What to work on
Return each entry below exactly. Skip the images.
╔══
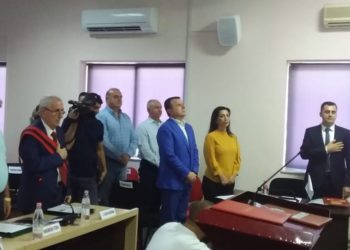 Betohet kryetari i ri i Bashkisë së Elbasanit, konstituohet edhe këshilli bashkiak, vajza e Sejdinit në listën e këshilltarëve
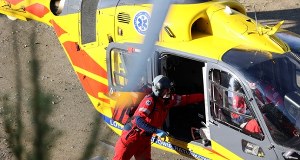 ​Dramatyczna akcja nad jeziorem. Chłopca wydobytego z wody zabrał śmigłowiec LPR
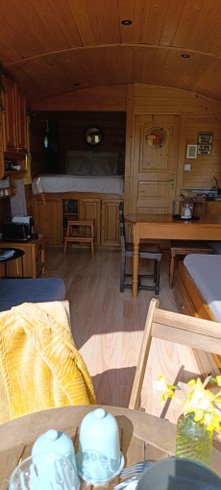 Hébergement AbracadaRoom : Roulotte sous le soleil * Nature et déconnexion - Image 18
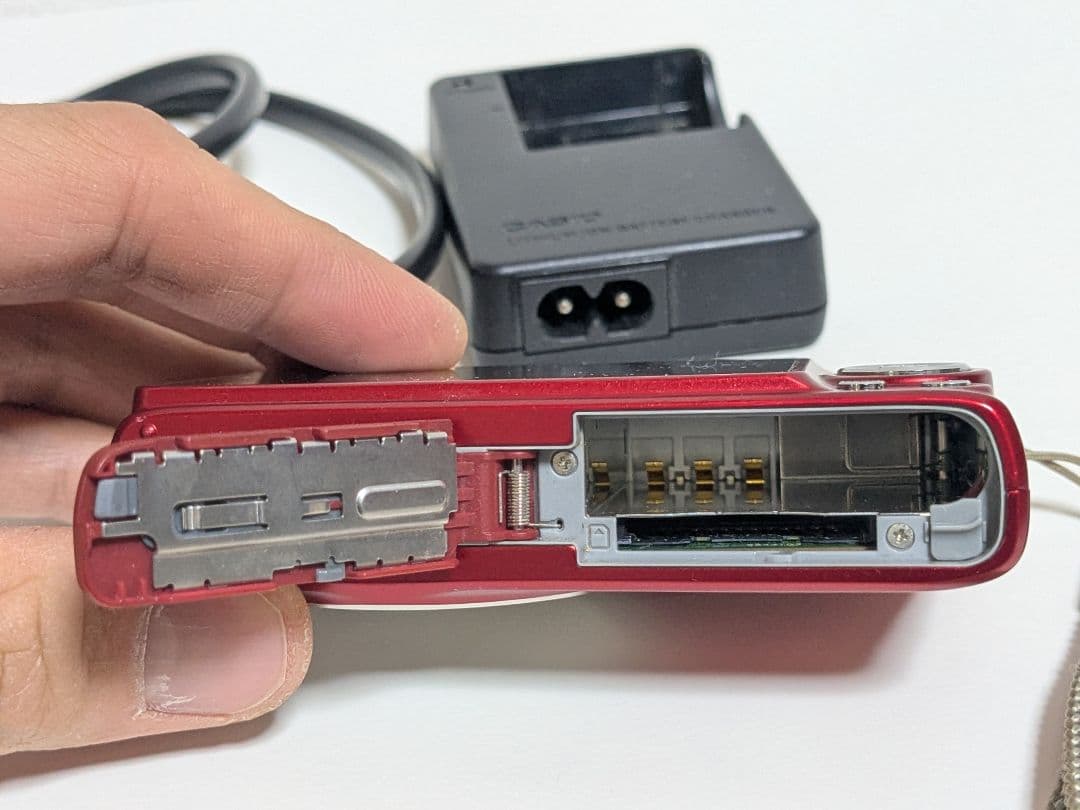 CASIO EXILIM EX-Z200 赤 CCD オールドコンデジ 充電器付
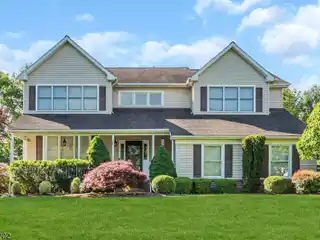 Gorgeous Home in Heritage Estates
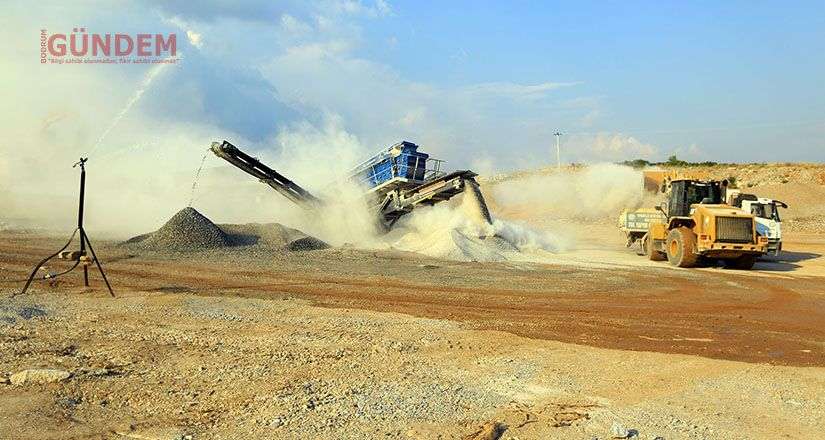 Büyükşehir 15 bin 575 kamyon atığı geri kazandırdı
╚══
Answer area
 Betohet kryetari i ri i Bashkisë së Elbasanit, konstituohet edhe këshilli bashkiak, vajza e Sejdinit në listën e këshilltarëve
 ​Dramatyczna akcja nad jeziorem. Chłopca wydobytego z wody zabrał śmigłowiec LPR
 Hébergement AbracadaRoom : Roulotte sous le soleil * Nature et déconnexion - Image 18
 CASIO EXILIM EX-Z200 赤 CCD オールドコンデジ 充電器付
 Gorgeous Home in Heritage Estates
 Büyükşehir 15 bin 575 kamyon atığı geri kazandırdı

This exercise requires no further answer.